Set down, please, exactly the lines below that run from the line with "Beige marble bookends" to the line with "Modern kitchen with", both lines included.

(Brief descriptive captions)
+ + + +
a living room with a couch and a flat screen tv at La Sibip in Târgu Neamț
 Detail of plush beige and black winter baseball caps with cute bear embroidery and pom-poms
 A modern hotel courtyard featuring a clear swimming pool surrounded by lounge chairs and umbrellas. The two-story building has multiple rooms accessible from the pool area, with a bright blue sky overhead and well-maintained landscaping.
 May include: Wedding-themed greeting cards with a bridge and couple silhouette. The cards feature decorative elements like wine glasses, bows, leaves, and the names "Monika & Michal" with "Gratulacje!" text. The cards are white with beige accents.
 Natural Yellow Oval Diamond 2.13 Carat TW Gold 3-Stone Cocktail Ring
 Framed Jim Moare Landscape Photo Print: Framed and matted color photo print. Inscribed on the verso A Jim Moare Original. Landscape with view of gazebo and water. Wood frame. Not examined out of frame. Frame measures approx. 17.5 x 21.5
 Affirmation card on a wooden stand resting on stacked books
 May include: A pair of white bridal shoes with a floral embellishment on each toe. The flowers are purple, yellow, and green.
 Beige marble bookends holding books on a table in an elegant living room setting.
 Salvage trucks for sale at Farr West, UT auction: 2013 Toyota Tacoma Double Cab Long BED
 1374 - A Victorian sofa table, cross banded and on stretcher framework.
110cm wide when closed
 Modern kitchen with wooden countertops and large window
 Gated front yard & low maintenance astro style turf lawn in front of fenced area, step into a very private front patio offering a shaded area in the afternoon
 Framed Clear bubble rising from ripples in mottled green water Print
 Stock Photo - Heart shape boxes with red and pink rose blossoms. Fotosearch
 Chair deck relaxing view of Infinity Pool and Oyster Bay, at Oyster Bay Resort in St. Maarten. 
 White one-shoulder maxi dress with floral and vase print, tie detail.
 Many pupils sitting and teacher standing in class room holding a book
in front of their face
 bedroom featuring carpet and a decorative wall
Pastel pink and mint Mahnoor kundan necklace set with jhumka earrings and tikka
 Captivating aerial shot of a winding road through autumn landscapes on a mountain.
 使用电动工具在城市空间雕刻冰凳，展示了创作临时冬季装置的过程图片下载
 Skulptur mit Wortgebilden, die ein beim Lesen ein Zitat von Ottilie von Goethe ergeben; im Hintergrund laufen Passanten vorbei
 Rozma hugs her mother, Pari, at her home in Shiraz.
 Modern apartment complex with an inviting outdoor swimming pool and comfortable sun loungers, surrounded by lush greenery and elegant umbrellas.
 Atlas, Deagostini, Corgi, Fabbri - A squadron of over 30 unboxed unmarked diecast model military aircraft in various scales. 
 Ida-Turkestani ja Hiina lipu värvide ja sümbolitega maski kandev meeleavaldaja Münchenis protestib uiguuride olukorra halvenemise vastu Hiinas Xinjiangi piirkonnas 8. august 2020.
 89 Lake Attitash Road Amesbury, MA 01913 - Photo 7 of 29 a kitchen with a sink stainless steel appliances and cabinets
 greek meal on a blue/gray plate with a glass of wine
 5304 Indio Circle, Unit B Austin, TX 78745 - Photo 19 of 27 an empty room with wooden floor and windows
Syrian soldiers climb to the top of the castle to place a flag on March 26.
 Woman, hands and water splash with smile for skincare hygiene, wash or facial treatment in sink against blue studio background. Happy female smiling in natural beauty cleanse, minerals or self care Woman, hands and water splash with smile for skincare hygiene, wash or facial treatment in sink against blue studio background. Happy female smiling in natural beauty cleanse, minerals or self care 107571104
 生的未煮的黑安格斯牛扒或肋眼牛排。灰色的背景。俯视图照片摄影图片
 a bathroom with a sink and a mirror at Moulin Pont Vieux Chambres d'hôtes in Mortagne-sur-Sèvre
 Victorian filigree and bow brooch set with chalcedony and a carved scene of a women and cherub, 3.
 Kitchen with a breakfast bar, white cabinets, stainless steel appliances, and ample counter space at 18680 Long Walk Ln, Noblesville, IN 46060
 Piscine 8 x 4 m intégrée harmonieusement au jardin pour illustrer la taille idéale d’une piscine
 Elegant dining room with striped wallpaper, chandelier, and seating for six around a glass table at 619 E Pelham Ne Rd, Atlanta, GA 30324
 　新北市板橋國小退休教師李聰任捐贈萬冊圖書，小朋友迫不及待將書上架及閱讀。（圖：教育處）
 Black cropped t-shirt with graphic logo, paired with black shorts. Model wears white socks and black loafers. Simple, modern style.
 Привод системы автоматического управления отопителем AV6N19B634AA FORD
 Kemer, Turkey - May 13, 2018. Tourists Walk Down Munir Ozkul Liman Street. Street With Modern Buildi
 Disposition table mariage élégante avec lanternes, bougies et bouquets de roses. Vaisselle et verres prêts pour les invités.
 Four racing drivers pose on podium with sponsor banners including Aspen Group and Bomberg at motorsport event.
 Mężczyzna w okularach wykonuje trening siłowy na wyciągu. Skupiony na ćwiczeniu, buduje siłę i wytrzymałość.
+ + + +
Exercise result:
 Beige marble bookends holding books on a table in an elegant living room setting.
 Salvage trucks for sale at Farr West, UT auction: 2013 Toyota Tacoma Double Cab Long BED
 1374 - A Victorian sofa table, cross banded and on stretcher framework.
110cm wide when closed
 Modern kitchen with wooden countertops and large window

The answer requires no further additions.